みことはまだ泣き声をあげることもできず、ただその温もりに顔を埋めて、床の冷たさと痛みを耐えるしかなかった。
みことは床に座り込み、痛みでうずくまりながらも小さな声で言った。
「ごめん、…すっちー、、家まで…ちょっと貸してもらえない、?…足が思うように
動かなくてッ」
その言葉を聞いたすちは、優しい表情を
少し引き締め、みことの足元に膝をついた。
「ごめんね、みこちゃん。ちょっと足、
見ていい?」
「…うん」
慎重にみことの足をめくると、
腫れはしているものの骨は折れていない
ことを確認する。
「ん〜、足は折れてなさそう。
結構腫れてるね。
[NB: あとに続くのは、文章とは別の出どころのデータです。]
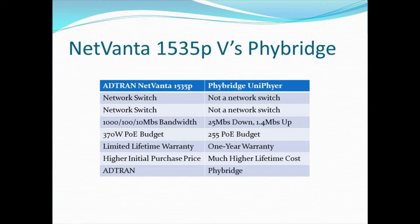When we talk about the 1535P, a comparison to the FiBridge Unifier often comes up, and there are quite a few differences between the two platforms. First and foremost, the AdTran NetVanta 1535P is a network switch, and the FiBridge Unifier is not a network switch. They have one or two network ports, but the rest are dedicated to performing long-distance Ethernet. That's not a typo — it's truly a very important differentiator. With the FiBridge product, your flexibility and the feature set are far different than what you have on the NetVanta 1535P.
立てる?」
みことは首を振る。
「立つことも痛くて…」
すちは小さく頷き、低く柔らかい声で
言った。
「そっか、じゃあちょっと俺の背中、
乗れる?」
「ふぇ?いいの?」
「うん、らんらんじゃなくてごめんね」
みことは少し驚きながらも、安心した表情で頷く。
「いや!すっちーなら安心!…ありがとね」
すちはそっとみことを抱き上げ、
背中に乗せると、ゆっくりと立ち上がった。
「よし、じゃあ無理せず、
ゆっくり家まで行こう」
みことはすちの背中にしがみつきながら、
痛みと不安の混ざった気持ちを少しだけ和らげることができた。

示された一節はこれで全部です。